Castaño, then the top leader of the AUC, and others almost immediately started "peace" negotiations with the Uribe administration in the hope they could obtain a deal that would allow them to block extradition and avoid potentially lengthy prison terms in the United States for drug trafficking.[6]

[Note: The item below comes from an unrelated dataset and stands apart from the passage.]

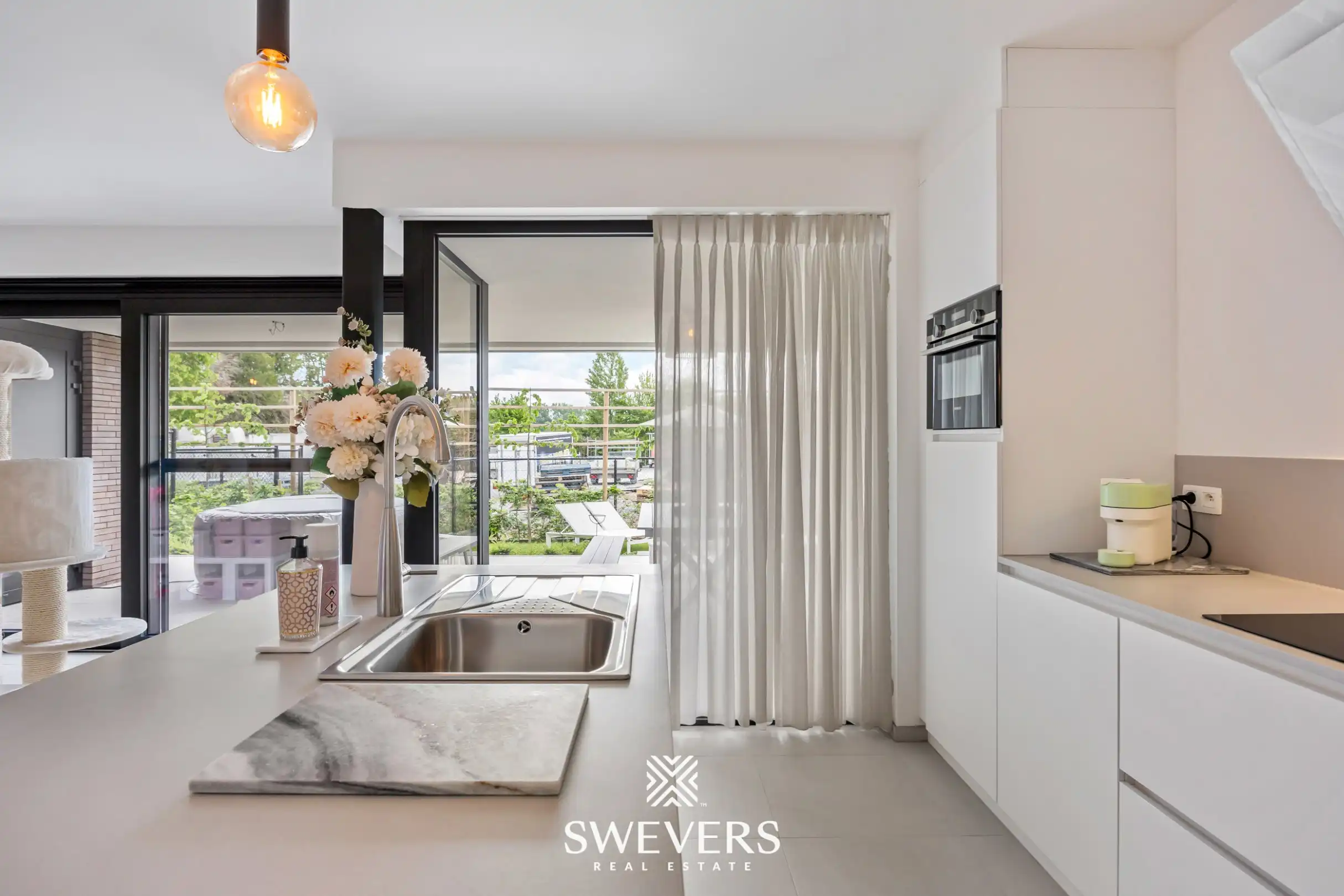 Nieuwbouwappartement met ruim terras, privétuin en ondergrondse staanplaats foto 7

On June 21, 2005, the Colombian Congress approved a law that gave paramilitary leaders almost everything they wanted. As Human Rights Watch described in its 2005 report, Smoke and Mirrors, Colombian Law 975 of 2005 (commonly known as the "Justice and Peace Law"), as drafted by the Uribe administration and approved by the Colombian Congress, was plagued with serious problems.[7] In exchange for their groups' supposed demobilization, the law offered paramilitary commanders responsible for horrific atrocities reduced sentences of five to eight years (which could be reduced further, to less than three years) that were grossly disproportionate to their crimes. Paramilitaries would not be required to fully confess their crimes, and they would suffer few consequences if they failed to fulfill their commitments to cease criminal activities and turn over illegally acquired assets. The law also drastically restricted the amount of time prosecutors had to investigate paramilitary crimes, giving them only 60 days to verify whatever the paramilitaries chose to say.[8]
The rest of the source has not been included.